Figure 6-18 Representational differences across source and target tables
In typical reference data hub implementation, such as InfoSphere MDM Ref DM Hub, reference data transcoding is achieved through reference data mappings from a source reference data set to a target reference data set. Depending on the integration scenario, the transcoding might be simple (one-to-one) where a single source representation is mapped to a single target representation, or complex (one-to-many, many-to-one, or many-to-many), where one or more source representations are mapped to one or more target representations. An example of one-to-many scenario is where a single canonical representation is mapped to multiple application specific representations. Each scenario is described next.
6.3.1 Simple transcoding
Simple transcoding is applicable in integration or distribution scenarios where there is a single source system or a set of source systems, all backed up by the same code tables, and a single target system or a set of target systems, all backed up by the same code tables. For performing the required mappings, reference data from sources and targets is imported into InfoSphere MDM Ref DM Hub using one of the mechanisms described in 6.1, “Data loading and import” on page 112. After they are imported, a mapping set can be defined by using the UI, with source and targets specified as the respective sets into which reference data was imported. Finally, the values mappings are created either by using the UI or through an import process. To perform import, a mapping file must be constructed with source and target specification and any properties you want for the mappings. Figure 6-19 illustrates the concept.

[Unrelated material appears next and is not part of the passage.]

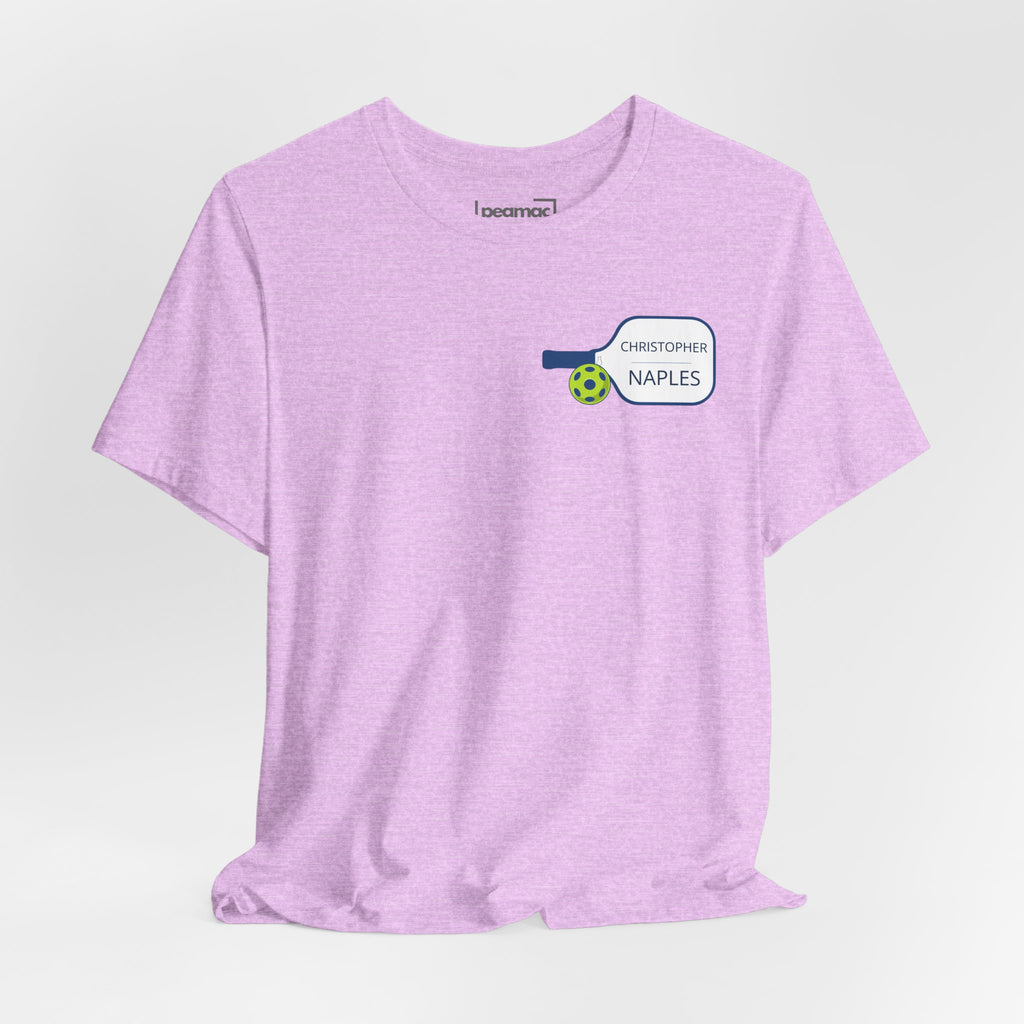 Personalized pickleball T-shirt by Printify featuring custom name and club on paddle graphic design.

Figure 6-19 Defining reference data mappings from source to target set
As reference data goes through its lifecycle, stewards or business users make changes (additions, deletions, updates) to these mappings as necessary. Eventually, these mappings can be exported by using the UI or through a batch interface, and distributed to downstream systems for transcoding during integration scenarios.
For example, during master data integration and distribution process, the mappings are used to construct translation tables that help in semantic alignment of values during the alignment area. The alignment handles two types of transcoding:
The source and target systems have the same code value but with different semantics on the description.
The source and target systems have different code value sets for the same reference data domain.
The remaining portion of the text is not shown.